The administration's proposed business tax cuts are labeled "incentives for plant, equipment and real property." Built around an "accelerated cost recovery" system, they would, by Treasury estimates, cost the federal budget $65 billion per year by fiscal 1986, with that number still rising. The Democratics on the Ways and Means Committee have fashioned an alternative with comparable tax revenue losses.
But with the bulk of the business tax savings received for investment that would have been undertaken anyway, the actual incentive effects are very modest. There is little evidence that each dollar of tax loss from such changes would generate more than 40 cents of added investment.
Compounding the inefficiency, because of its huge revenue losses the administration's new accelerated cost recovery system and the Ways and Means Committee's even more extreme first-year write-offs would be phased in. Current investment would be stimulated all the less as firms would have an incentive to delay capital spending until later years.

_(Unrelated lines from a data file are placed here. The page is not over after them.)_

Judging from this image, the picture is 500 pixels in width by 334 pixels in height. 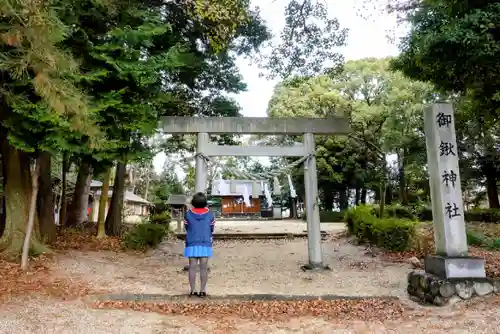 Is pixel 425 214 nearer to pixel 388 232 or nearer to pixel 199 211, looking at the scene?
pixel 388 232

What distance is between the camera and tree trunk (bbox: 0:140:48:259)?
7570 millimetres

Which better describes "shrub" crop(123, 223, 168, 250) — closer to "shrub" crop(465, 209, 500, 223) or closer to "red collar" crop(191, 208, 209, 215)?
"red collar" crop(191, 208, 209, 215)

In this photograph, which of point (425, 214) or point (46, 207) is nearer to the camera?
point (46, 207)

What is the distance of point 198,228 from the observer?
5.14 meters

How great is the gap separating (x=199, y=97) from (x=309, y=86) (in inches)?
363

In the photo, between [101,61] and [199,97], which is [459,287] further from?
[199,97]

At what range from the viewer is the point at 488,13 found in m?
5.31

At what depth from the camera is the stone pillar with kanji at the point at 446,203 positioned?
217 inches

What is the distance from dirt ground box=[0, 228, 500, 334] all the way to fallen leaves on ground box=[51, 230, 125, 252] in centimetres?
57

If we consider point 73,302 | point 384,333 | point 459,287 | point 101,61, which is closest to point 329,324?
point 384,333

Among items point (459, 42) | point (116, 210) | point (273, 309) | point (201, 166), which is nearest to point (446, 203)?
point (459, 42)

The wholesale departure from useful lives and economic depreciation in an acelerated system that divides property into 15-year, 10-year and 3-year categories would create massive distortions. The Ways and Means Committee action, putting much equipment regardless of actual life in a one-year class, would be correspondingly worse. Some investment will receive no encouragement at all, and will, on balance, lose out in competition. Other not necessarily productive investment will offer great opportunities for tax shelter as these new tax advantages plus tax deductible borrowing costs are converted to deferred income and capital gains. The 40 percent of small businesses with no taxable income, along with many large businesses in a similar situation, will receive little or no benefit or stimulus to invest.

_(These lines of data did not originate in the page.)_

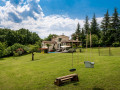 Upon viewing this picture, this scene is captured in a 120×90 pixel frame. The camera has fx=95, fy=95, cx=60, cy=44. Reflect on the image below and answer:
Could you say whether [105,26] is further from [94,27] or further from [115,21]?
[94,27]

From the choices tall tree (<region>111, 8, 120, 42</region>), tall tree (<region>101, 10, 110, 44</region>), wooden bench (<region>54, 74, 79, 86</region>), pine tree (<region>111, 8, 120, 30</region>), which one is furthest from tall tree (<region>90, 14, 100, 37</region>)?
wooden bench (<region>54, 74, 79, 86</region>)

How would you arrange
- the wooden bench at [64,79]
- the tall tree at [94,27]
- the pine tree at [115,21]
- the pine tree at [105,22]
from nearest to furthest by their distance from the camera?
1. the wooden bench at [64,79]
2. the pine tree at [115,21]
3. the pine tree at [105,22]
4. the tall tree at [94,27]

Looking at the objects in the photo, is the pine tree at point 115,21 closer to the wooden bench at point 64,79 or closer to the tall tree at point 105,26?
the tall tree at point 105,26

Further, while these proposals may redress the balance of depreciation allowances inadequate for replacement in a period of very rapid inflation, they would prove far too high and all the more distortionary if inflation subsides.

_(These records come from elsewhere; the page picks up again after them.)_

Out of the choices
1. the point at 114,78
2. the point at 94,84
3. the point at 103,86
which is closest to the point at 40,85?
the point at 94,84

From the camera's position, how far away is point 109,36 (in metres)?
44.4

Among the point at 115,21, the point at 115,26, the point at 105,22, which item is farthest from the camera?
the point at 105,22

An administration dedicated to less government and freer decisions by private enterprise might well cut business taxes but leave the amount and kind of business investment to be determined by market tests of productivity and profit. The Democratic Ways and Means Committee bill has included delayed corporate rate cuts and a phasing-out of the existing investment tax credit.
If Congress and the administration are determined to offer tax incentives for investment, there are much more efficient and effective ways. The key is to offer a large tax advantage related to additional investment. With this goal, I offer the following.
leave current tax depreciation schedules essentially as they are;
eliminate the current 10 percent investment tax credit for equipment;
institute a new 20 percent refundable credit for all investment in excess of depreciation allowances.
In round numbers, since 1981 business spending for plant and equipment is expected to be about $320 billion while depreciation allowances will be some $225 billion, the new 20 percent would amount to about $19 billion. The current investment tax credit is running at a rate of about $20 billion per year. Hence, doubling the credit for equipment and extending the new 20 percent rate of structures but restricting the base to the excess of expenditures over depreciation would actually save the Treasury about a billion dollars.
Tying the investment tax credit to the excess of capital expenditures over depreciation allowances has a number of advantages and meets major objections to both 15-10-5-3 and its alternative.
1. It tends to offer greatest advantages to long-lived investment in which we are said to be most deficient. Since current depreciation is a weighted average of past investment, the gap between current expenditures and depreciation will be greater, in periods of inflation or growth, for long-lived capital.
2. The greater the rate of inflation, the greater will be the difference between capital expenditures and depreciation subject to the credit. If inflation subsides, however, current depreciation will begin to come closer to capital expenditures so that the amount of the credit would lessen. Thus, unlike 15-10-5-3 or first-year write-off, the compensation for inflation will be eliminated as the inflation is eliminated.
3. current depreciation however imperfect, is at least crudely related to economic lives. Hence, these new investment credits would not introduce the vast distortions of the other proposals.
4. Capital expenditures exceed depreciation most in growing firms and industries. The benefits and stimulus of the new investment credit would thus extend more in the direction of the growth in which we profess to be interested.
If Congress and the administration are willing to countenance bonanzas for particular forms of investment and those who profit from tax shelters, they can proceed with 15-10-5-3 or the current Ways and Means alternative. If they really want to stimulate investment, with a very large bang for the buck, a credit of this kind for incremental investment is the way to go.
Then, if we want to reduce business tax rates, how about a 5-10-10 for corporate rates to go with the proposed individual income-tax cuts? Here, by promising more tax cuts in the future, unlike with the phase-in of 15-10-5-3 or first-year write-offs, we would encourage more deductible expenditures now when tax rates are high, so that investment would not be delayed.
Are the administration and Congress still open-minded?